Hong Kong’daki ilk gecemde, burada yaşayan ve 'expat' olarak çalışan arkadaşım Halide ve eşi Aytuğ ile Kowloon’daki Star Ferry iskelesinde buluştuk. Beş dakikalık yürüyüşle yemek yiyeceğimiz lokantanın olduğu gökdelene gidiverdik. Meraklısı için belirteyim, kentin bu bölümü AVM cenneti... İç içe geçmiş AVM’lerde tüm dünya markalarını bulmak mümkün. Ucuz mu? Artık değil. Son beş yılda fiyatların çok arttığı konuşuluyor.

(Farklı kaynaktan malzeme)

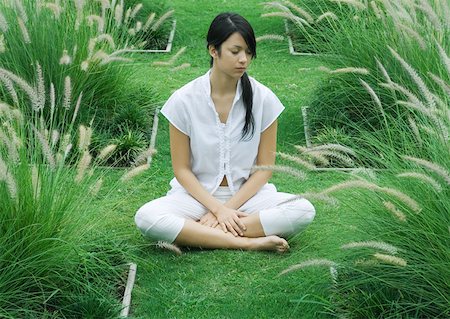 simsearch:633-01572611,k - Woman sitting on grass, indian style, eyes closed Stock Photo - Premium Royalty-Free, Code: 633-01572558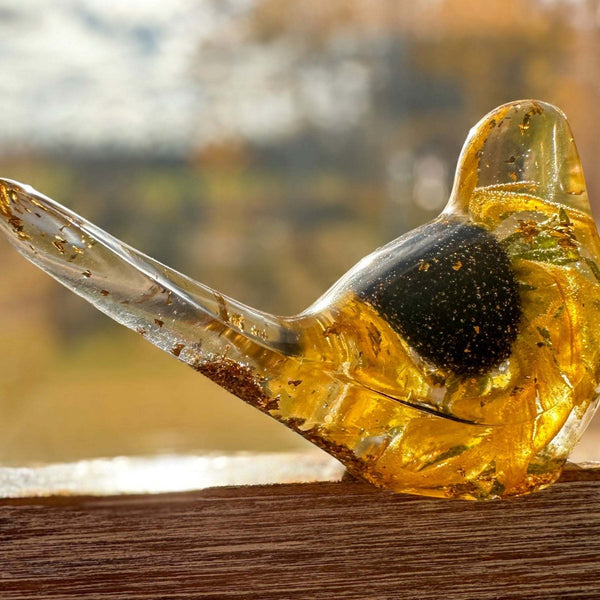Resin bird in clear amber-gold resin with a preserved yellow flower and dark centre; Golden Meadow design with gold flecks.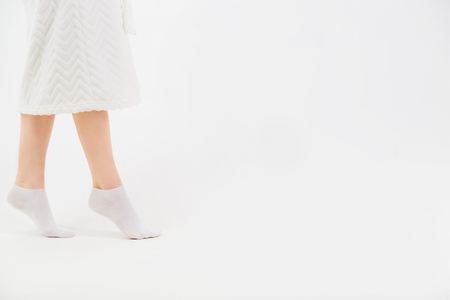 A girl in a white bathrobe and socks goes on socks after a shower. Close-up of beautiful female slender legs. Side view. Barefoot helth conceptの写真素材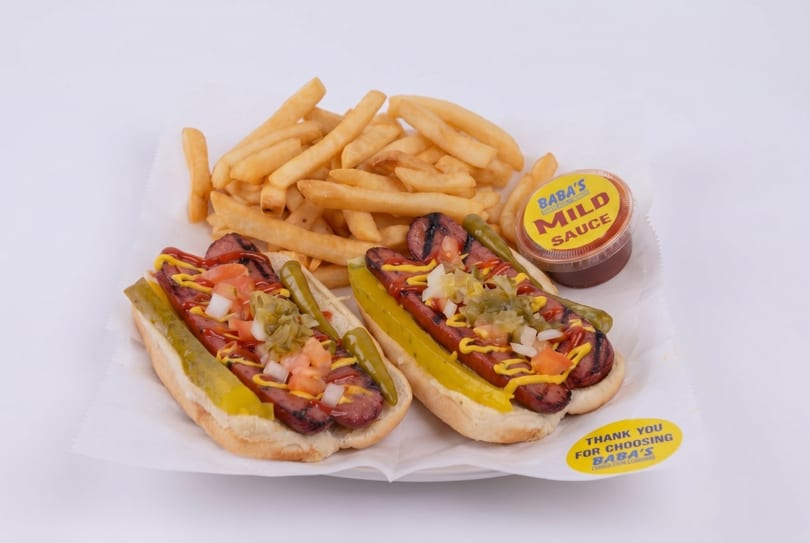 Two Baba's hot dogs with fries and a side of mild sauce on a white paper tray.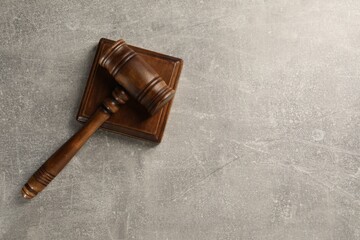 Wooden gavel on grey textured table, top view. Space for text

Çok fazla sıra beklemeden asansöre bindik, indiğimizde hâlâ hararetli bir şekilde konuşmaya devam ediyorduk. Lokantanın girişinde rezervasyonumuzu kontrol edip bizi masamıza yönlendirdiler. İçerisi oldukça loştu, masalara doğru yürürken ansızın donakaldım. Karşımda yerlere kadar cam olan lokantanın muazzam manzarası... Ağzımdan şunların döküldüğünü hatırlıyorum “muhteşem..." Karşı kıyıdaki Hong Kong Adası, Işıklı gökdelenleriyle rengarenk giyinip süslenmiş bir geyşa gibi karşımdaydı.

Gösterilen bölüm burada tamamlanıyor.